• _Provided data_:
--- START ---
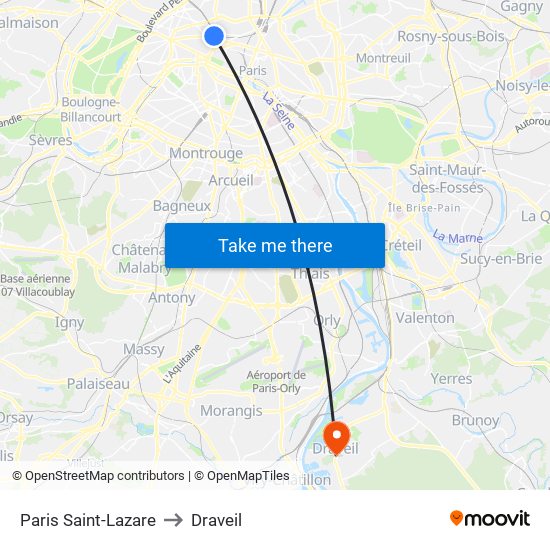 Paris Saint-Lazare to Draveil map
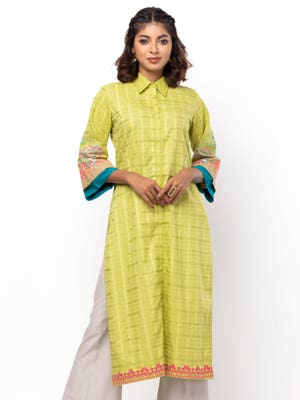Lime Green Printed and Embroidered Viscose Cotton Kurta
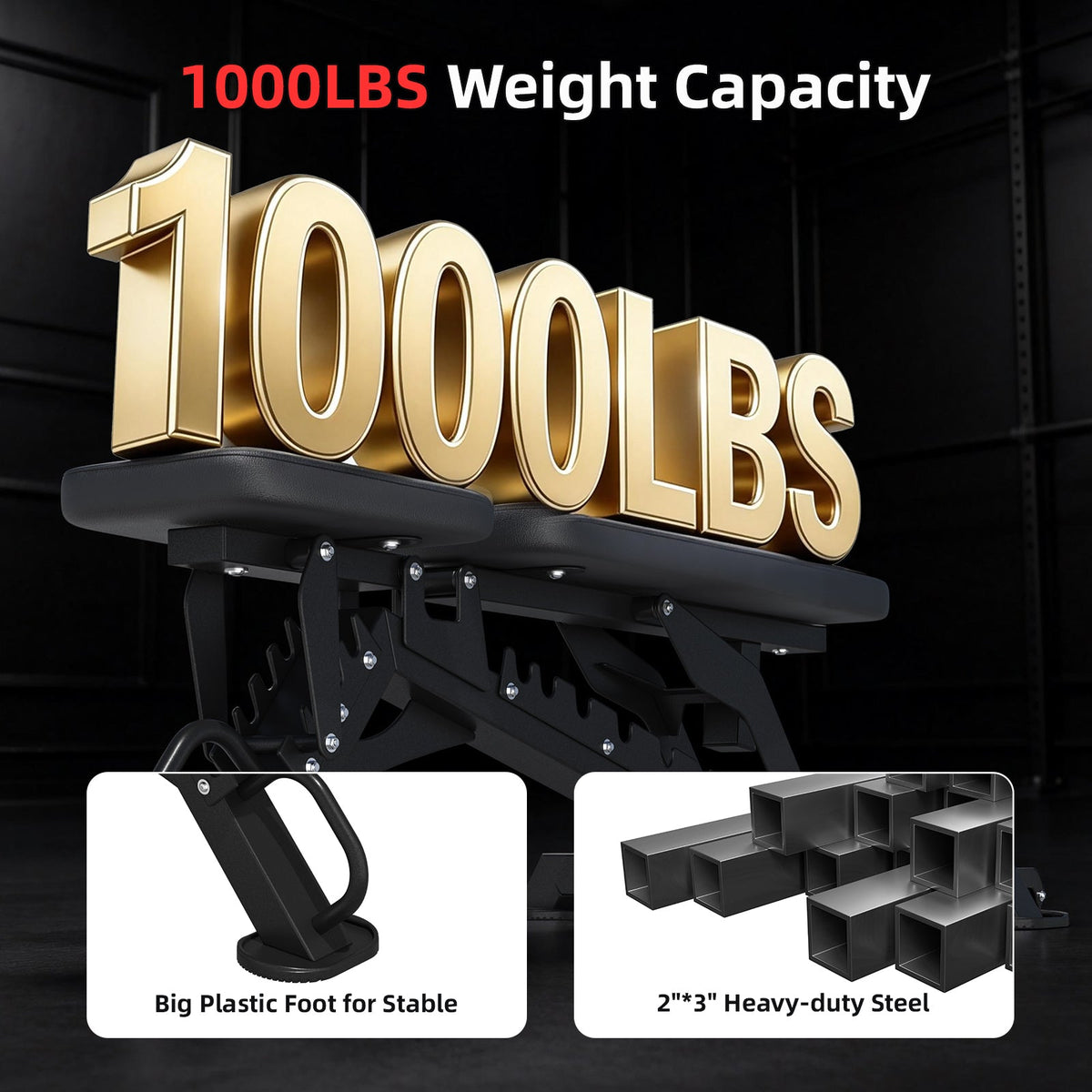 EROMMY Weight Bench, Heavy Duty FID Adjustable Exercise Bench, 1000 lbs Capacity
--- END ---
• _Work to complete_:
First drop every picture, then print the data above exactly as it stands.

• _Solution to the problem_:
 Paris Saint-Lazare to Draveil map
Lime Green Printed and Embroidered Viscose Cotton Kurta
 EROMMY Weight Bench, Heavy Duty FID Adjustable Exercise Bench, 1000 lbs Capacity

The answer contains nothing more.